The records that follow must be repeated exactly, except for their pictures.

Scraped caption text data:

※

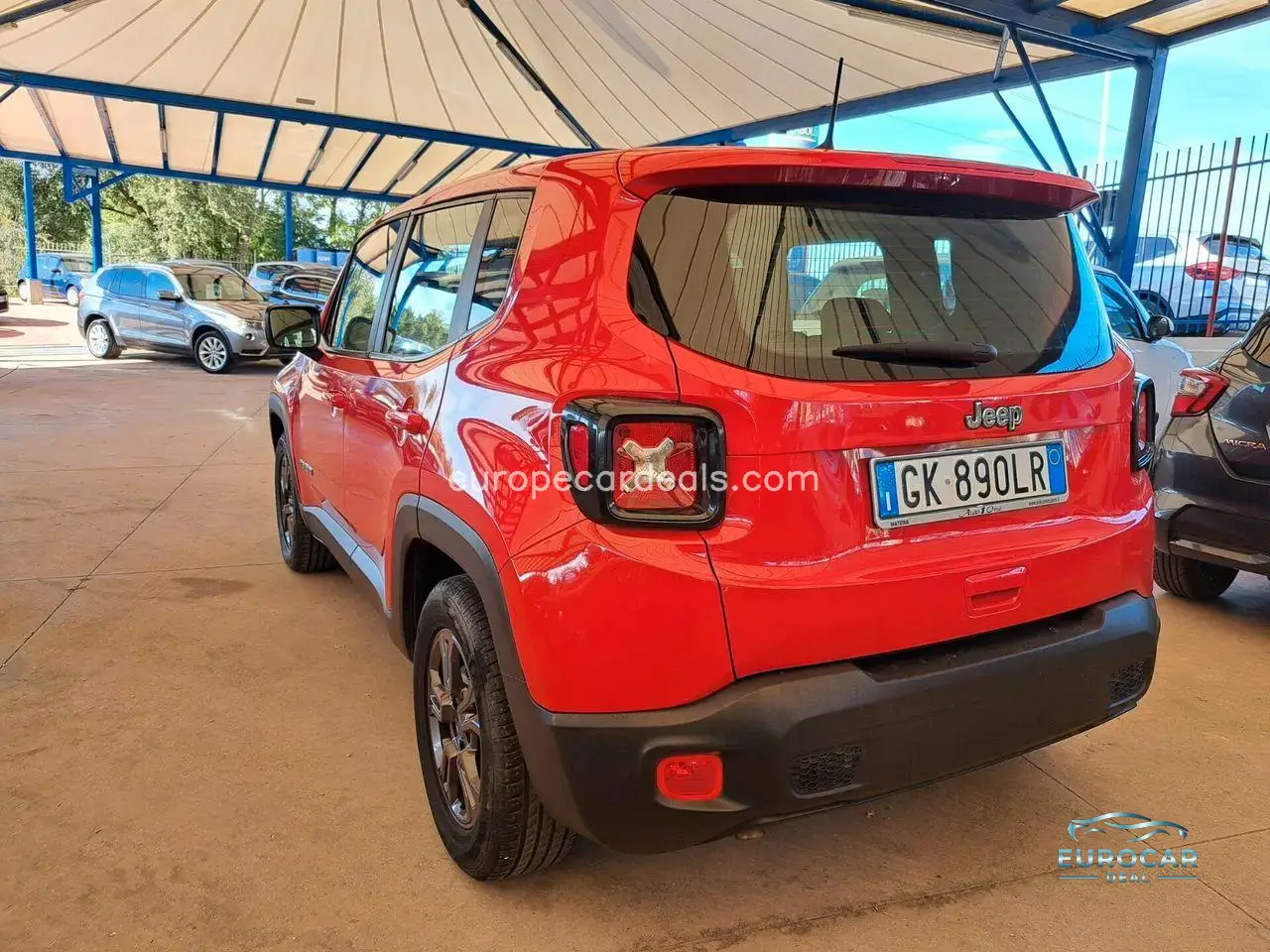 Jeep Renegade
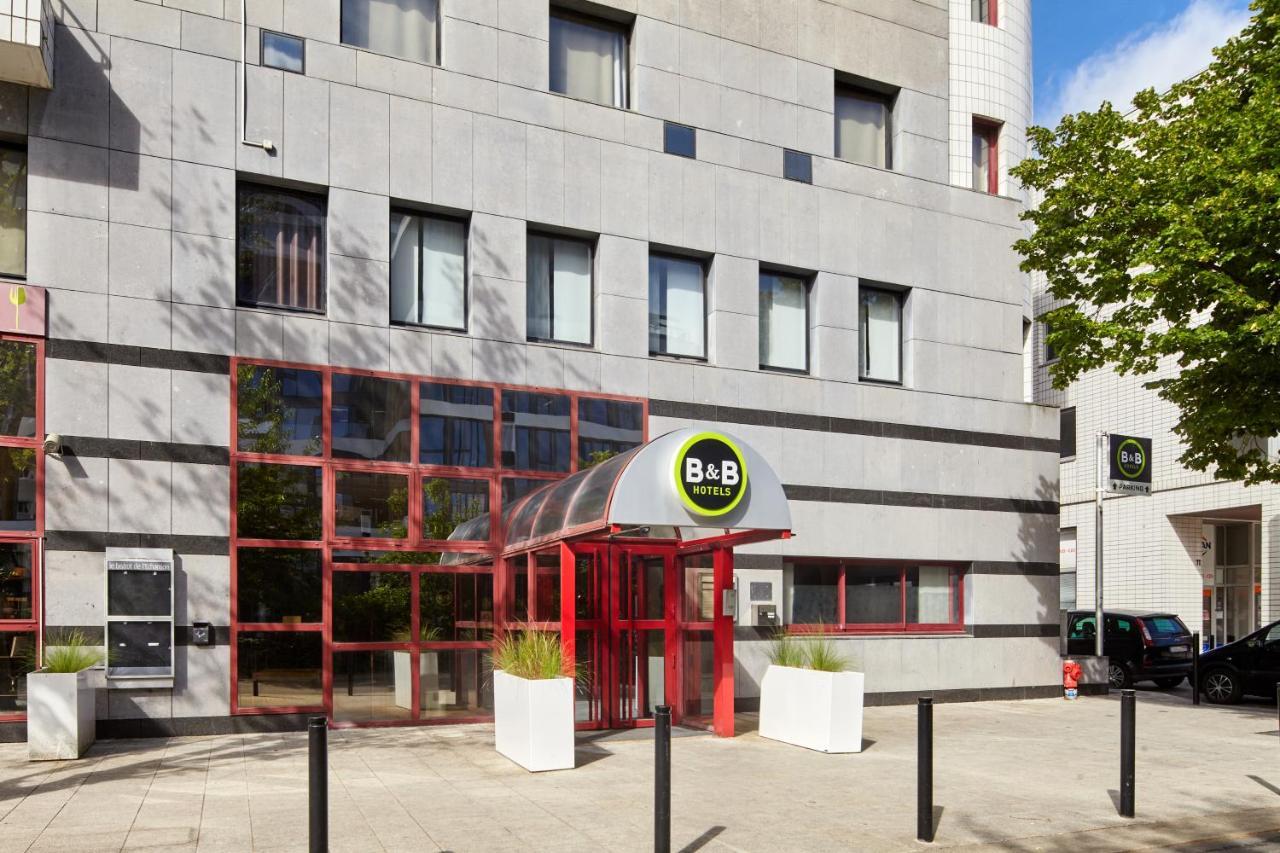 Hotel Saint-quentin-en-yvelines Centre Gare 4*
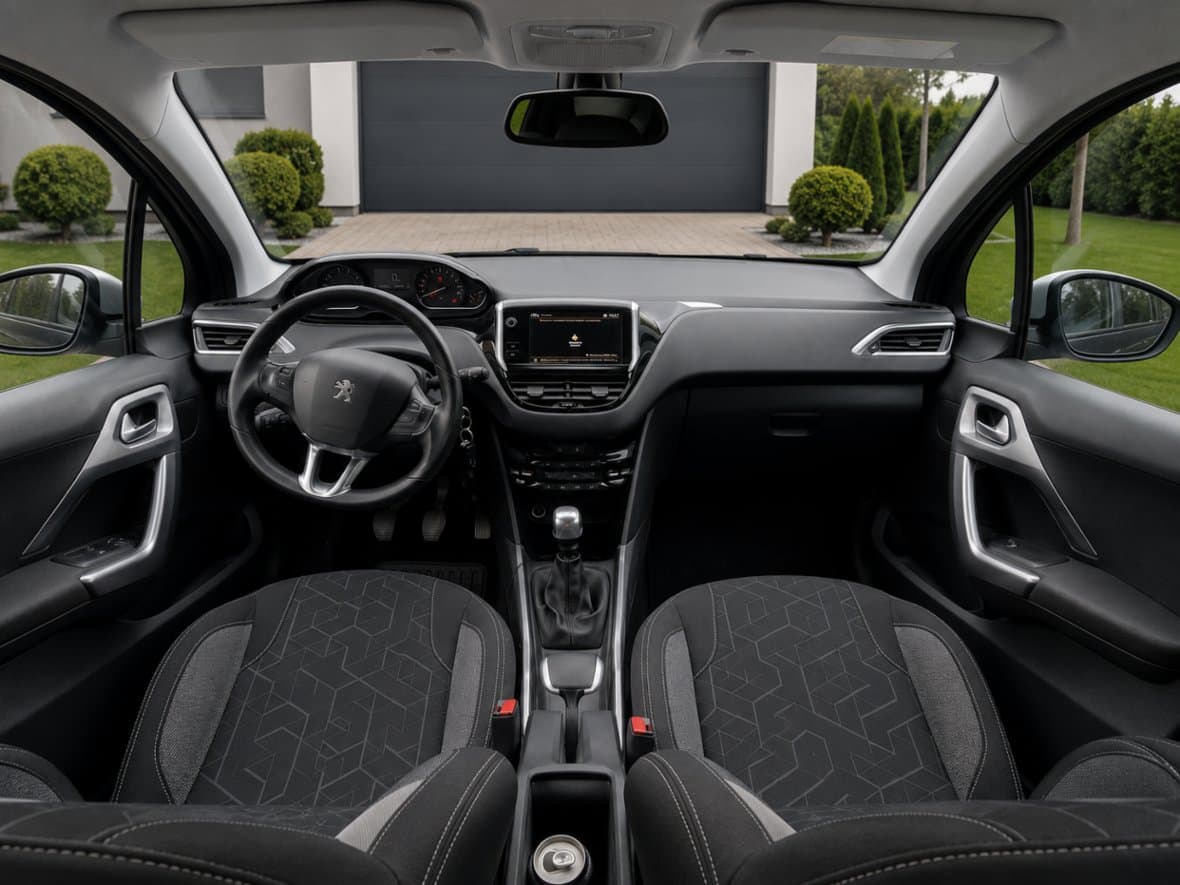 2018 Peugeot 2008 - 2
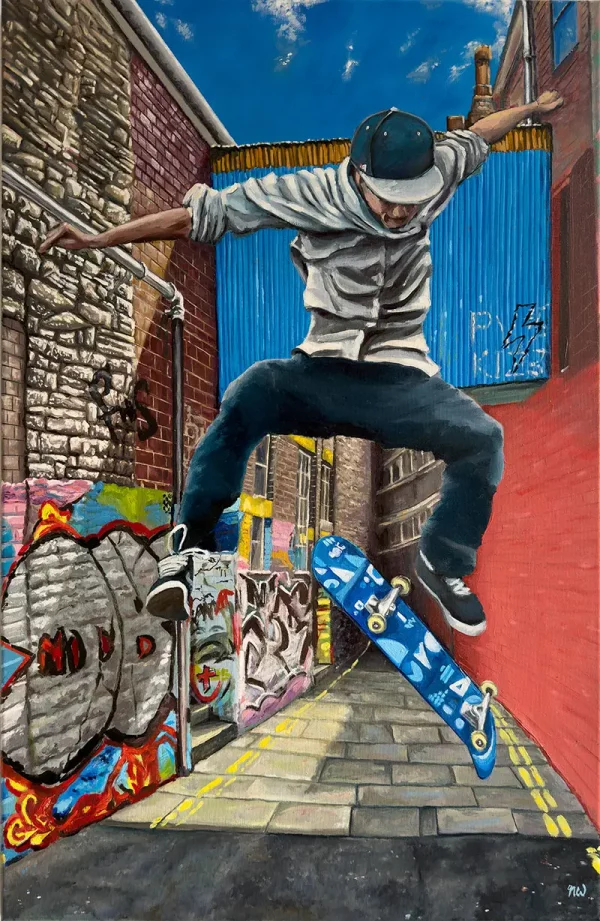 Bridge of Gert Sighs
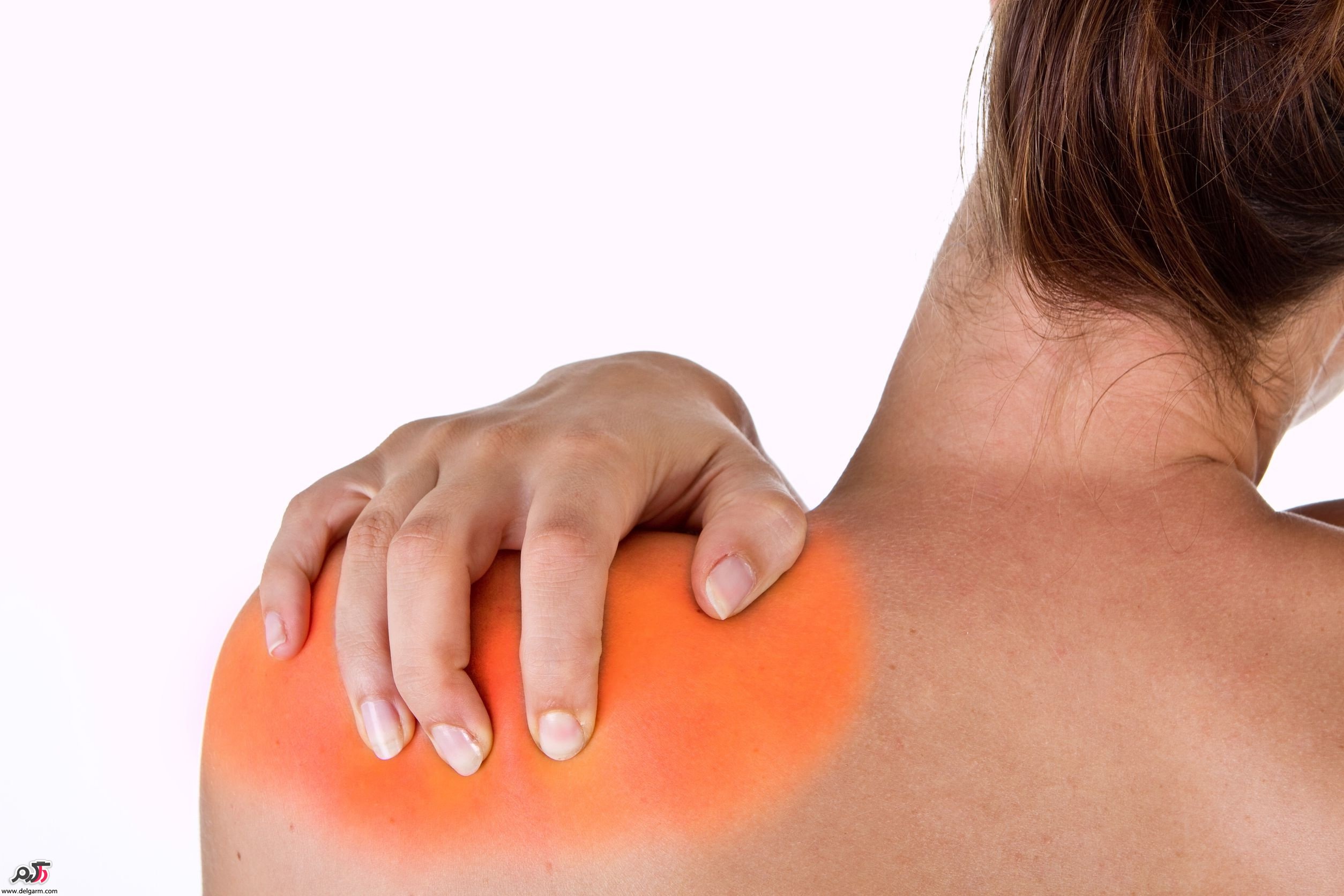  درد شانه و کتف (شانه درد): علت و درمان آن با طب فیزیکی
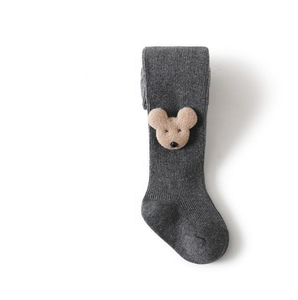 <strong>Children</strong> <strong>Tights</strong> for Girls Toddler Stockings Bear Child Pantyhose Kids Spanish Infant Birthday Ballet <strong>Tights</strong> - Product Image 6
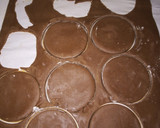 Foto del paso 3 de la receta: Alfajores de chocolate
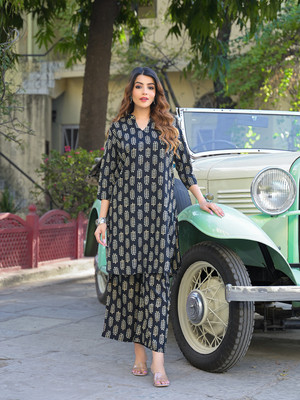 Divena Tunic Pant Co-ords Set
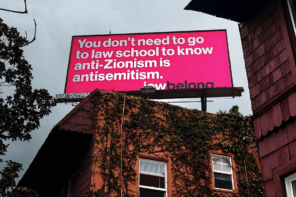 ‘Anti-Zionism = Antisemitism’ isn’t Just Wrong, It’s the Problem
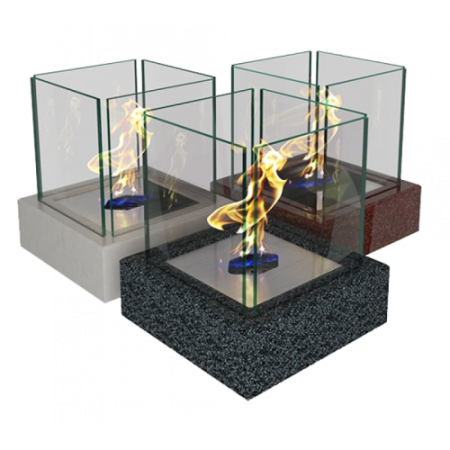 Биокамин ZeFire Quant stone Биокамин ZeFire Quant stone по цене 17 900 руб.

※

* Response
 Jeep Renegade
 Hotel Saint-quentin-en-yvelines Centre Gare 4*
 2018 Peugeot 2008 - 2
 Bridge of Gert Sighs
  درد شانه و کتف (شانه درد): علت و درمان آن با طب فیزیکی
 <strong>Children</strong> <strong>Tights</strong> for Girls Toddler Stockings Bear Child Pantyhose Kids Spanish Infant Birthday Ballet <strong>Tights</strong> - Product Image 6
 Foto del paso 3 de la receta: Alfajores de chocolate
 Divena Tunic Pant Co-ords Set
 ‘Anti-Zionism = Antisemitism’ isn’t Just Wrong, It’s the Problem
 Биокамин ZeFire Quant stone Биокамин ZeFire Quant stone по цене 17 900 руб.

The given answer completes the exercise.